Furthermore, the invention has been completed based on finding C, and the above-described object C has been achieved by providing:

an ink jet recording medium which comprises a substrate, wherein an ink jet recorded image and a protective layer covering the image are to be formed on at least one side of the substrate, the substrate having been treated with a solution of a metal salt and the front and back side surfaces of the substrate each having a Bekk's surface smoothness of 200 seconds or higher.

The present invention provides high quality recorded matter which exhibits excellent image fastness, hardly undergoes discoloration and fading with time for an extended period of time, have satisfactory gloss, texture and feeling, is free from gloss unevenness, and possesses high print density.

According to the production process, thermal transfer sheet, ink jet recording apparatus and thermal transfer apparatus of the present invention, a protective layer can be formed on the surface of recorded matter to improve gloss and image fastness without spoiling the original texture and feeling of the recorded matter.

Moreover, according to the ink jet recording media of the invention, a protective layer for physically and chemically protecting an image can be formed without impairing surface smoothness. Consequently, a printed matter free from gloss unevenness, satisfactory in gloss, texture, and feeling, and comparable to silver salt photographs in high image quality and high image fastness can be provided.

The present invention will be more particularly described with reference to the accompanying drawings, in which:

FIG. 1 is a schematic cross-section of an embodiment of the ink jet recorded matter according to the present invention;

FIG. 2 is a schematic cross-section of an embodiment of the thermal transfer sheet according to the present invention;

FIG. 3 is a schematic side view of an embodiment of the ink jet recording apparatus according to the present invention;

FIG. 4 schematically illustrates the substantial part (cooling means) of another embodiment of the ink jet recording apparatus according to the invention;

FIG. 5 schematically illustrates the substantial part (embossing mechanism) of still another embodiment of the ink jet recording apparatus according to the invention; and

FIG. 6 schematically illustrates the substantial part (cutting means) of yet another embodiment of the ink jet recording apparatus according to the invention.

Preferred embodiments of the ink jet recorded matter according to the present invention will be described with reference to FIG. 1.

Ink jet recorded matter 1 of the embodiment is composed, as shown in FIG. 1, of a recording medium 4 having a substrate 2 and an ink receiving layer 3 formed on the substrate 2, an image (not shown) formed on the ink receiving layer 3 with a pigment ink, and a protective layer 5 covering the image.

The substrate 2 is not particularly limited, and sheet-shaped materials commonly used as substrates of coated paper of this type may be used.

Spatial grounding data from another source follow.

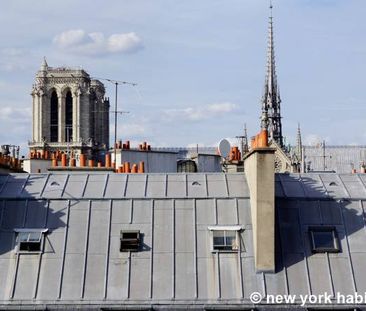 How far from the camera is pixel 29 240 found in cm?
2959

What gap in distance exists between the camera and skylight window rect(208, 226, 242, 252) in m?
29.3

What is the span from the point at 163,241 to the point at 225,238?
1.85 meters

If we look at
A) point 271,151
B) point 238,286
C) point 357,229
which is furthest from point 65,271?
point 357,229

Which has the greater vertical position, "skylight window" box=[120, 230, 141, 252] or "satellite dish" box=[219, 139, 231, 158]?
"satellite dish" box=[219, 139, 231, 158]

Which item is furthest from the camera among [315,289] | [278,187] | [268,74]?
[268,74]

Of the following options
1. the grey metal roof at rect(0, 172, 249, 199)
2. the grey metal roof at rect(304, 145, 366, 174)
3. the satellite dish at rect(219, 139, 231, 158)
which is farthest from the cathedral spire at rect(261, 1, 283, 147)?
the grey metal roof at rect(0, 172, 249, 199)

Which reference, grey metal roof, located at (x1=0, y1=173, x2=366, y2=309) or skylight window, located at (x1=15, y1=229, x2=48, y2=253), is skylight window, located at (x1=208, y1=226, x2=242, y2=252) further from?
skylight window, located at (x1=15, y1=229, x2=48, y2=253)

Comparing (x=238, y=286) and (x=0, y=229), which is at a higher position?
(x=0, y=229)

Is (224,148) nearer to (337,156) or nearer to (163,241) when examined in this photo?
(163,241)

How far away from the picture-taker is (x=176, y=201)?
1212 inches

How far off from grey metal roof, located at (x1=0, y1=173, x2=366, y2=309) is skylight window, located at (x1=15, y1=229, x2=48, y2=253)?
21 cm

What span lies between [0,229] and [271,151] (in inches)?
335

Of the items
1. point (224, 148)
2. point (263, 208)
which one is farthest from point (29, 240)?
point (224, 148)

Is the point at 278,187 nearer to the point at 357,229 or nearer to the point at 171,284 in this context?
the point at 357,229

Illustrative examples include various types of paper such as wood free paper, regenerated paper, and sized paper; processed paper such as art paper, coated paper, cast coated paper, resin-coated paper, and resin-impregnated paper; films or sheets of plastics such as polyethylene, polypropylene, polystyrene, and polyethylene terephthalate; nonwovens, cloths, wovens, and metallic films or plates; and composite substrates made by laminating two or more thereof. Paper and resin-coated paper (either single-sided or both-sided) are preferably used. The substrate 2 preferably has high surface smoothness to prevent air entrapment upon thermal transfer.

The ink receiving layer 3 is a porous layer containing porous inorganic particles and having numerous micropores on its surfaces and inside. The porous inorganic particles include silica pigments obtained by precipitation method, gel method, vapor phase method and the like, smectite clay, calcium carbonate, calcium sulfate, barium sulfate, titanium dioxide, kaolin, white clay, talc, magnesium silicate, calcium silicate, aluminum oxide, alumina, and pseudoboehmite. Inorganic ultrafine particulate pigments such as colloidal silica, alumina hydrate, and γ-aluminum oxide are also preferably used. The surface properties (feeling or texture) of the ink receiving layer are not particularly limited, and can be appropriately controlled to be matte finish, semigloss finish, gloss finish, or the like.

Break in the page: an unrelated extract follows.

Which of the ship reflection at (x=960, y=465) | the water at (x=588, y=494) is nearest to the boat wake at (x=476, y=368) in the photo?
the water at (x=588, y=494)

The ink receiving layer 3 can be obtained by coating the substrate 2 with a coating composition containing the porous inorganic particles and, if desired, a binder resin (e.g., polyvinyl alcohol) or various additives by means of a known coating device, such as an air knife coater, a roll coater, a blade coater, a gate roll coater or a size press, and drying the coating.

While the ink receiving layer 3 is not particularly limited as long as it contains the porous inorganic particles, preferred embodiments of the ink receiving layer 3 are as follows. The porous inorganic particles content in the ink receiving layer 3 is preferably 30 to 90% by weight, still preferably 40 to 80% by weight. The content of the binder resin, if used, is preferably 5 to 60 parts by weight, still preferably 10 to 50% by weight, per 100 parts by weight of the porous inorganic particles.

The dry thickness of the ink receiving layer 3 is preferably 10 to 50 μm, still preferably 15 to 40 μm. The coating amount in terms of dry weight is preferably 10 to 50 g/m2, still preferably 15 to 40 g/m2.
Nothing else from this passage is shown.